- _Material to process_:
*-*-*

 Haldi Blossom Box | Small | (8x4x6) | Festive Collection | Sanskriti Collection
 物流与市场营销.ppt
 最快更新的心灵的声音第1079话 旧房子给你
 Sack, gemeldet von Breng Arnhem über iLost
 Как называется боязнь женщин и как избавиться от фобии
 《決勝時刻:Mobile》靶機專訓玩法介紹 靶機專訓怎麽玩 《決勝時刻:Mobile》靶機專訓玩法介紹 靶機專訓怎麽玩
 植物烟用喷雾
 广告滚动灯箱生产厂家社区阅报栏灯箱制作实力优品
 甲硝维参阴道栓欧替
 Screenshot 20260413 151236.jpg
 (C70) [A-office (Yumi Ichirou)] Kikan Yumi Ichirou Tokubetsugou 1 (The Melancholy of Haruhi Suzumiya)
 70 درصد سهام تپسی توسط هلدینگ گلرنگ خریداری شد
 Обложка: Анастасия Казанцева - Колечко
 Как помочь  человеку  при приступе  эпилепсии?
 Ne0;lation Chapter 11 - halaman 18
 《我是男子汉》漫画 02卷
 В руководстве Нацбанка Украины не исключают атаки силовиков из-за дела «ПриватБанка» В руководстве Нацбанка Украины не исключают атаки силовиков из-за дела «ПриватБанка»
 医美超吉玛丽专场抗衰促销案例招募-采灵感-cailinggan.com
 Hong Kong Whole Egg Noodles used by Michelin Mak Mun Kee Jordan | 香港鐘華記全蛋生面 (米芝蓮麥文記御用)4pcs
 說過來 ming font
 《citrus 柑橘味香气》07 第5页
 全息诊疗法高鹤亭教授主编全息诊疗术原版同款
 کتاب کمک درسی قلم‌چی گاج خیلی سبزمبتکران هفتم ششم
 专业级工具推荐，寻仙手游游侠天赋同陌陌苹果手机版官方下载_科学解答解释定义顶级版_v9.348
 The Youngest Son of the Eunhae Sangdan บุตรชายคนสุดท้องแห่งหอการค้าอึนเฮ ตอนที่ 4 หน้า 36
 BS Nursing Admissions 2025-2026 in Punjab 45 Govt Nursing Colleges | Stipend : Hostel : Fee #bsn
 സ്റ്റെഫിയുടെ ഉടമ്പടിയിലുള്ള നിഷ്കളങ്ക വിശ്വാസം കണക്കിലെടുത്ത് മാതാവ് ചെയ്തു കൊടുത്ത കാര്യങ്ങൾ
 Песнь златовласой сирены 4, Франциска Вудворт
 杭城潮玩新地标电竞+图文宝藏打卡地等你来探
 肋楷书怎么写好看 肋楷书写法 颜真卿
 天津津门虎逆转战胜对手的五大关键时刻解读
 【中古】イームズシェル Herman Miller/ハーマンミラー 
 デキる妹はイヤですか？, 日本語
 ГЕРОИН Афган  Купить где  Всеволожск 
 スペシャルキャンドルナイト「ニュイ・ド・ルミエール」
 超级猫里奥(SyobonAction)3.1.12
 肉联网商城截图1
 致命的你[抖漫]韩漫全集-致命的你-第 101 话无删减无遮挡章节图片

*-*-*

Produce an exact copy of every entry above.

- _Response to the exercise_:
 Haldi Blossom Box | Small | (8x4x6) | Festive Collection | Sanskriti Collection
 物流与市场营销.ppt
 最快更新的心灵的声音第1079话 旧房子给你
 Sack, gemeldet von Breng Arnhem über iLost
 Как называется боязнь женщин и как избавиться от фобии
 《決勝時刻:Mobile》靶機專訓玩法介紹 靶機專訓怎麽玩 《決勝時刻:Mobile》靶機專訓玩法介紹 靶機專訓怎麽玩
 植物烟用喷雾
 广告滚动灯箱生产厂家社区阅报栏灯箱制作实力优品
 甲硝维参阴道栓欧替
 Screenshot 20260413 151236.jpg
 (C70) [A-office (Yumi Ichirou)] Kikan Yumi Ichirou Tokubetsugou 1 (The Melancholy of Haruhi Suzumiya)
 70 درصد سهام تپسی توسط هلدینگ گلرنگ خریداری شد
 Обложка: Анастасия Казанцева - Колечко
 Как помочь  человеку  при приступе  эпилепсии?
 Ne0;lation Chapter 11 - halaman 18
 《我是男子汉》漫画 02卷
 В руководстве Нацбанка Украины не исключают атаки силовиков из-за дела «ПриватБанка» В руководстве Нацбанка Украины не исключают атаки силовиков из-за дела «ПриватБанка»
 医美超吉玛丽专场抗衰促销案例招募-采灵感-cailinggan.com
 Hong Kong Whole Egg Noodles used by Michelin Mak Mun Kee Jordan | 香港鐘華記全蛋生面 (米芝蓮麥文記御用)4pcs
 說過來 ming font
 《citrus 柑橘味香气》07 第5页
 全息诊疗法高鹤亭教授主编全息诊疗术原版同款
 کتاب کمک درسی قلم‌چی گاج خیلی سبزمبتکران هفتم ششم
 专业级工具推荐，寻仙手游游侠天赋同陌陌苹果手机版官方下载_科学解答解释定义顶级版_v9.348
 The Youngest Son of the Eunhae Sangdan บุตรชายคนสุดท้องแห่งหอการค้าอึนเฮ ตอนที่ 4 หน้า 36
 BS Nursing Admissions 2025-2026 in Punjab 45 Govt Nursing Colleges | Stipend : Hostel : Fee #bsn
 സ്റ്റെഫിയുടെ ഉടമ്പടിയിലുള്ള നിഷ്കളങ്ക വിശ്വാസം കണക്കിലെടുത്ത് മാതാവ് ചെയ്തു കൊടുത്ത കാര്യങ്ങൾ
 Песнь златовласой сирены 4, Франциска Вудворт
 杭城潮玩新地标电竞+图文宝藏打卡地等你来探
 肋楷书怎么写好看 肋楷书写法 颜真卿
 天津津门虎逆转战胜对手的五大关键时刻解读
 【中古】イームズシェル Herman Miller/ハーマンミラー 
 デキる妹はイヤですか？, 日本語
 ГЕРОИН Афган  Купить где  Всеволожск 
 スペシャルキャンドルナイト「ニュイ・ド・ルミエール」
 超级猫里奥(SyobonAction)3.1.12
 肉联网商城截图1
 致命的你[抖漫]韩漫全集-致命的你-第 101 话无删减无遮挡章节图片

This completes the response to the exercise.